Different names are used to distinguish the 3 radiation quantities exposure, absorbed dose and equivalent dose.

Anonymous 0 Comments

Roentgen (or “R”) is a really old unit that is more “what could you measure 100 years ago” than it is “what do you WANT to measure”. Roentgen is technically a measure of how much free electric charges are created in a small volume of air at room temp, pressure, and (I think) zero humidity. It’s easy to measure that using a voltage source and current meter connected to a couple of metal plates, so Tesla or Edison could probably build those.
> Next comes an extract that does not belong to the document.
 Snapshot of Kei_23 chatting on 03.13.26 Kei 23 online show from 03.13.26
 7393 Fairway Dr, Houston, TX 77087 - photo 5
What you WANT to measure is typically either “how much energy is radiation dumping into this object” (measured in rad or gray) or “how bad is this for health” (rem or seivert). Those are harder to measure, especially the health one. The energy one (rad, gray) is good for questions like “when will the radiation make the steel reactor vessel get brittle?”

So for a very long time, there were instruments that could measure Roentgen, and the radiation level in rad or rem (literally Roentgen Equivalent in Man) were calculated using the Roentgen measurement and a fudge factor.

It’s no coincidence that in the old units of R, rad, rem, the most common radiation type you’re likely to run into has 1R =1 rad =1 rem, because that’s kind of how they got defined.

Later instruments could read rad or gray in a “standard” sensor material like sodium iodide or polyethylene plastic directly. Particularly for plastic, that makes the range of situations where 1rad=1rem broader.

I used to use devices that read in Roentgen or sometimes rad, and had a chart on the side that helped convert to rem if you knew exactly what kind of radiation you had.